The Others ABD ve AB: Aynı bakış, farklı tavır

ABD ve AB: Aynı bakış, farklı tavır

31.03.1999 - 00:00 | Son Güncellenme:

ABD ve AB: Aynı bakış, farklı tavır

ABD ve AB: Aynı bakış, farklı tavır


Eric Rouleau, Fransa'nın eski Ankara büyükelçilerinden; Orta Doğu uzmanı, ünlü bir gazeteci. Batılı seçkin yayın organlarında yorumları çıkan Rouleau ile Mart ortasında Türkiye'ye yaptığı son ziyaret sırasında konuştuk.


Şahin ALPAY


* Türkiye - Avrupa ilişkilerinin geleceğini nasıl görüyorsunuz?
Amerikalılar ile Avrupalıların Türkiye'ye bakışı arasında önemli bir fark yok. İkisi de Türkiye'nin daha demokratikleşmesi gereğine inanıyor; bunu, Türkiye'nin güvenlik ve bütünlüğüne tehlike değil destek olarak görüyor. Kimsenin Kürt sorununun nasıl çözülmesi gerektiğine dair net bir fikri yok, ama siyasi bir çözüm bulunması gerektiğine inanılıyor. Bunun nasıl olacağına da Türklerin kendilerinin karar vereceğine... Tabii PKK'nın bitirilmesi ya da marjinalleştirilmesi de şart.
Batı, İslamcılara büyük bir aşk duymuyorsa da, Türkiye'deki İslamcı hareketi dünya çapında önemi olan bir sınav olarak görüyor. Batılı hükümetlerin hiç biri İslamcı hareketin Türkiye'nin güvenliğini ya da laikliğini ciddi bir şekilde tehdit ettiği kanısında değil. İslamcılar siyasal sürece entegre edilebildiği takdirde, tehlikenin büsbütün ortadan kalkacağını düşünüyor.
Son bombalama olayları Batı'da, Türkiye'nin hiç hak etmediği bir kaygı uyandırdı. Terör olayları Türk ekonomisine sadece turizm bakımından değil, yatırımlar açısından da zarar verebilir. Yabancı yatırımcılar başka nedenlerle de Türkiye'ye yatırım yapmaktan çekiniyor. Gerekli hukuki güvenceleri bulamıyor; bürokratik engellerle karşılaşıyor, vs. Bunun için Batılı hükümetler Türkiye'nin muhalefeti siyasi sürece entegre etmesini çok önemli buluyor.
Avrupa ve Amerika'nın Türkiye'ya yaklaşımında fark yok, fakat davranışları farklı. Avrupalılar förüşlerini açık bir şekilde ortaya koyuyor.

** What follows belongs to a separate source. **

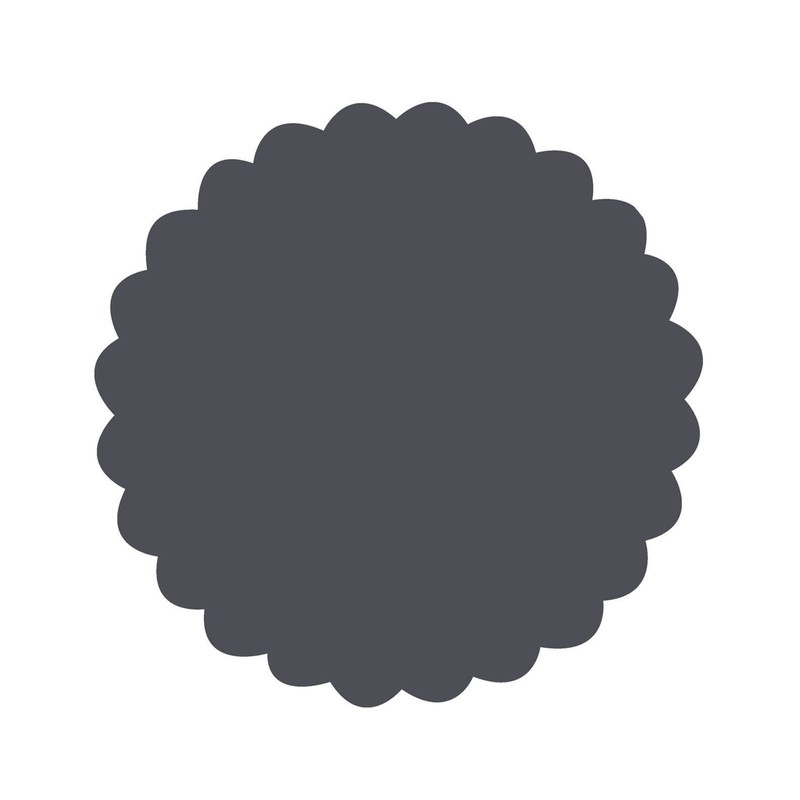 Vaessen Creative Craft Paper Punch Scalloped Circle Motive Puncher, Multi-Colour,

Amerikalılar ise çok daha dikkatli.
* Neden böyle?
Örneğin Avrupa Parlamentosu'nda isteyen istediğini söylüyor. Bazı abartılı görüşler de dile geliyor. Ve hükümetler bazı tavırlar takınmak zorunda kalıyor. Ayrıca Amerika'nın aksine Avrupa'da çok güçlü bir Kürt lobisi var. Evet, Kongre zaman zaman Türkiye'ye karşı ambargolar koyuyor, ama ABD yönetimi Avrupa hükümetleri gibi bir baskı altında değil. Türkler Avrupalıların kendilerine düşman, Amerikalıların dost olduğunu düşünüyorlar. Ama bu hiç doğru değil.
* Batılı müttefiklerin neden Yunanistan'a PKK'ya sağladığı destekten vazgeçmesi için baskı yapmadığı merak ediliyor...
Yunan hükümeti AB üyelerine, Apo ve PKK'ya verilen desteğin bilgisi dışında olduğunu söylüyor. Yunan gizli servislerinin bir bölümünün, bazı bakanların, bazı zenginlerin böyle bir tezgahın içine girdikleri söyleniyor. Bir Yunanlı yetkili bana bunun Simitis hükümetine karşı bir tezgah olduğu söyledi. Avrupa hükümetleri de Simitis'in böyle bir tezgahın kurbanı olduğuna inanıyor. Çünkü Simitis ılımlı bir kimse ve Türkiye ile iyi ilişkilere önem veriyor.
* Türkiye'de en çok sorulan sorulardan biri de Avrupa'da PKK yanlısı yayınlara neden izin verildiği...
Avrupa'da bütün görüşlerin ifade edilmesine imkan veren bir sistem geçerli. Fransa Komünist Partisi 1960'larda açıkça burjuva demokrasisinin devrilmesini, yerine proletarya diktatörlüğü kurulmasını savunuyordu. Avrupa'da silaha sarılmadığı sürece bütün görüşlerin ifade edilmesine izin veriliyor... Avrupalıların PKK'ya sempati duydukları doğru değil. Kimse Türkiye'nin istikrarsızlığa sürüklenmesini istemiyor. Ancak böyle bir durum varsa, bundan Türk hükümetlerinin basiretsizliğini sorumlu görüyor. Bu iki etkeni, yani Avrupa'nın demokratik gelenekleri ile Türkiye'nin "azınlık haklarına" değil (Fransa da azınlık hakları tanımıyor, çünkü o da Jakoben bir devlet) fakat temel insan haklarına saygılı olmayan bir ülke olarak kötü imajını birlikte ele aldığınızda, yakın zamana kadar Med - TV'ye neden izin verildiğini anlayabilirsiniz.
* Türkiye'de yaygın bir kanı, AB'nin üyelik için Türkiye'ye şartlar koştuğu, hiç bir teşvik vermediği. Katılır mısınız?
Bu görüşü, Türkiye'de hiç bir değişikliğe yanaşmayanlar yayıyor. "Bizi istemiyorlar, çünkü Müslümanız" diyorlar. Bu doğru değil. İspanya, Portekiz ve Yunanistan üye olmadan önce bütün anti - demokratik kanunları yürürlükten kaldırdı. Üyeliğe aday ülkeler, komünist diktatörlüğün bütün giysilerini çıkardı. Hepsinden azınlık sorunlarını halletmeleri istendi. Öyle de yaptılar. Türkiye'de ise üyelik yolunda ilerlemek için hiç, ama hiç bir adım atılmadı.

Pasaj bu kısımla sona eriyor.